There were a few bits that I couldn't quite understand, but not too bad! :ajsmug: Good to see you're getting started, and your characters are interesting! :pinkiehappy:

My recommendation: work a bit on your descriptive writing skills. You can check out "My Little Ponybots" for what I would hope are good examples of this... :applejackunsure: It's been a heavily descriptive story for me, and will hopefully provide some guidance. Or just read "The Scarlet Letter" (A bit more boring, though. Skip the first 42 pages, you won't miss much.) :trixieshiftright:

Comment posted by Neon Icy Wings deleted Jan 26th, 2013

Well K was standing in front of a mirror talking to himself, "What do you mean my plan won't work?"
Let me guess 'Nopony would answer right?'


I don't know if the quotation marks got messed up here, but I couldn't understand it...

"It's not poisoning per say. It is... uh..." He stumbles to find the right words as the sarcastic voice said "What? 'Making her see the light'? We should lure them here into a trap before they find us!"

You stumbled into present tense in what seems to be a past-tense part of the story...


I think that one thing that you're having trouble with is not talking TO the audience when you're narrating. For instance, the final paragraph is all written as if you were speaking to someone who isn't there. As the narrator, you have to remain aloof when you're not going to be face to face with your audience.

And, as you said to me before, you do seem to struggle with commas.

Can you unlock all others chapters for me. i need material for my riffs

you should probably republish all the other chapters and then just write (rewritten) once you rewrite each chapter.

1900770 It's just simpler for me this way. Since I'm changing things that would confuse people if they read an old chapter then the next chapter is rewritten. Luckily I'm working on chapter two right now! I'll try to rewrite one each day.

1900793
Ok. i'm glad you kept in the "He always did like nature" line. And I love the addition of the 'poisoning' of Luna was the cause of nightmare moon.
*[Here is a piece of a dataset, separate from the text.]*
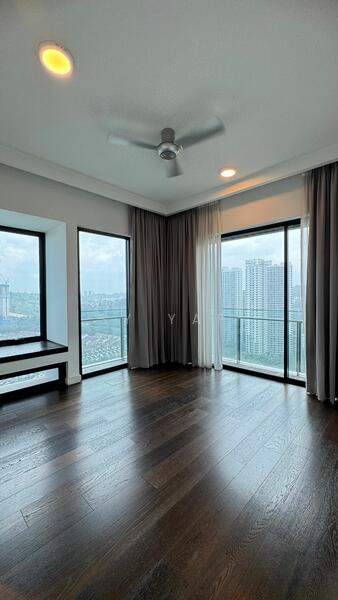 Condominium for Rent at One Central Park - SY YAP - PropertyGuru.com.my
1900855 I thought some things weren't obvious enough. And I needed to say how the mirror worked.

And so it begins! Finally got this out. Only alot more to go.

2149151
EHRMAGEHRD! It has arrived!

(Did you notice that the black tree chapter 5 has also arrived?)

What black tree was PYROontheAIR talking about?

9142788
Old story from a long time ago, like 2013 time ago, think he cancelled it though. The Prologue and first chapter have comments that are positively ancient! They serve as nice reminders for me to keep going overall.